I must note that I knew about and used (and liked) HP equipment long before I knew where it was manufactured. From 1953 to 1960 I was working in Ljubljana, Slovenia in their National Communications Institute. We were developing and building microwave radio links for the Yugoslavian telephone companies. These were intended to compensate for the missing ground lines and to connect the numerous Adriatic islands with the mainland.
Since 1948 when President Tito successfully seceded from the Russian domination, Yugoslavia established many links with the Western World. It was not uncommon for our Institute to buy and use HP microwave measuring instruments. Their European representative, Mr. Zweny, lived in Brussels, Belgium at that time. During his numerous visits to our Institute he would tell us about this wonderful Hewlett-Packard company where, “everything was done right.” What impressed us the most was that HP practiced profit sharing with their employees. This was something that Tito’s regime was promising us as soon as we completed the buildup of a socialist state.
When my upcoming teaching assignment in Ljubljana demanded an advanced degree I made a few attempts to earn it in Slovenia. But interference of my R&D management duties called for me to distance myself from the Institute. Having used Fred Terman’s book during my studies I was familiar with Stanford, which seemed distant enough from my place of employment. So in 1960, I came to Stanford to earn my PhD in electrical engineering. When I met Fred Terman and thanked him for writing his book on electronics he was upset that Slovenia also translated it without paying him royalties. He calmed down when I told him that I used the English edition.
Stanford and Palo Alto were completely new cultures for me and my family at that time. A kind fellow student took me for a ride around the Stanford area, and when we entered Page Mill Road, I was reminded of the familiar HP address. Commenting about this induced my student-friend for a quick tour of the HP 1501 Page Mill facility, which was then a topic of pride in my letters to colleagues back in Slovenia.
My PhD research project was assigned by Professor Bracewell, who was a global expert on radio astronomy and antenna technology. I was thereby involved in the construction of a Stanford radio interferometer, and during that period I received a lesson in university-industry cooperation, which was essentially missing back in Europe. Instead of a budget for procurement of parts, I was given a name to call at HP whenever I needed resistors, capacitors, or pc-boards. When I later met with other professors visiting HP Laboratories I understood why Silicon Valley was born in this particular area. The mutual trust between the academic and industrial world mandated it.
During our 4 years of life in California, my wife, my two children and I became quite attached to it, despite the meager $2,100 a year research assistantship, out of which we were paying all our expenses including tuition. During our time here, we experienced some serious difficulties during my wife’s illness, but the kindness of friends and others made a powerful impression on us.

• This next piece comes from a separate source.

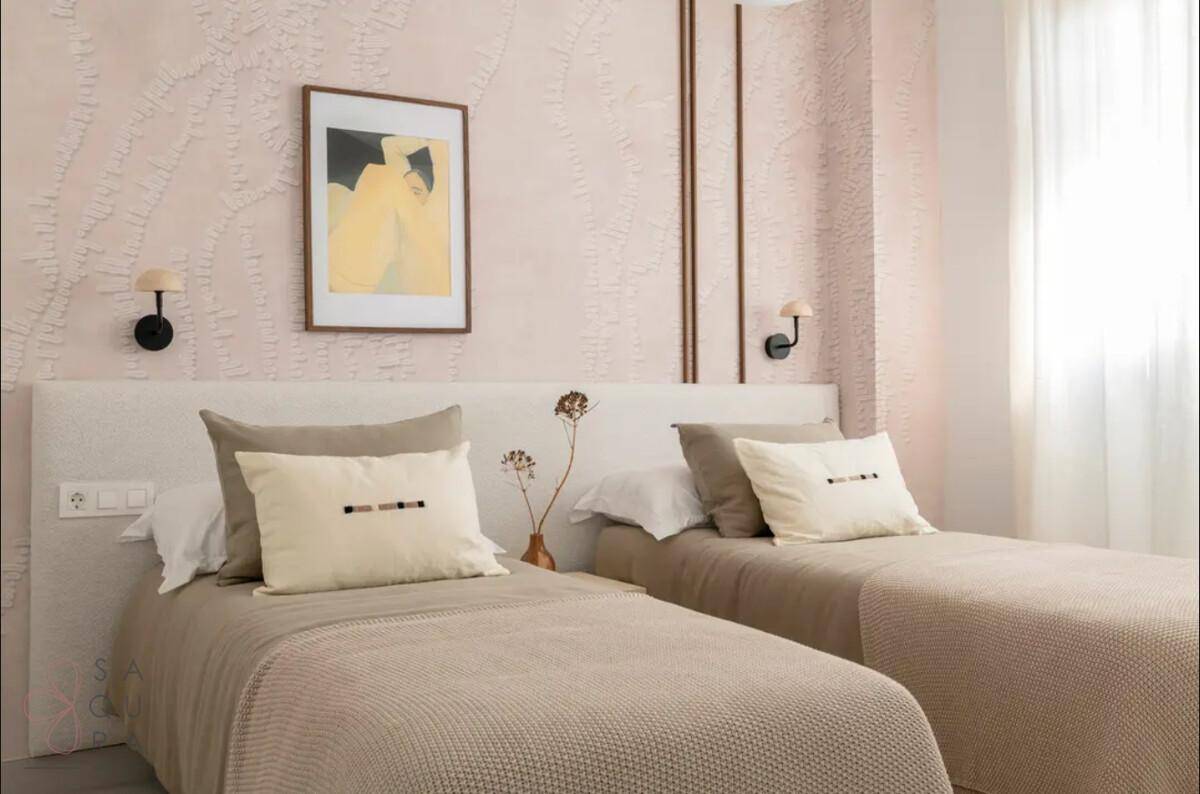 Schlafzimmer mit zwei Einzelbetten, heller Bettwäsche und dekorativer Wandgestaltung in Pastelltönen.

The thought of never seeing California again, which was indicated by the existing exchange rate at that time was unbearable.
Having made no obligations to return to Slovenia, we decided to make the US our new home. My friend and colleague Dr. France Rode, who is also a Slovenian and who found us upon our arrival to Palo Alto, worked in the Frequency and Time Division of HP, and confirmed my vision of this company. Ignoring the offer from my mentor Professor Ronald Bracewell and another one from the UC Berkeley astronomy department, I sent out a single job application to HP. The personnel department decided to send me to HP Labs for an interview.
My interview at HP in the fall of 1964 was with my potential new boss, Paul Stoft, and a few of his engineers. That apparently went well and I was later taken to Barney Oliver’s office. He wanted to hear my ideas for utilizing the knowledge acquired in designing the Stanford radio telescope to possible new HP instrumentation line. Much of our interchange focused on the contrast of Barney’s ideas to those of Bracewell about the methods to search for extraterrestrial intelligence. I believe that this specific exchange induced Barney to take me along to the IEEE general convention in New York later that year. That was the year he served as president of IEEE, and one of his personal goals was to publically outline his SETI ideas. They were not just rough ideas but he had refined them enough that the SETI institute later became the recipient of Barney’s unique designs for search instrumentation and of his significant monetary support.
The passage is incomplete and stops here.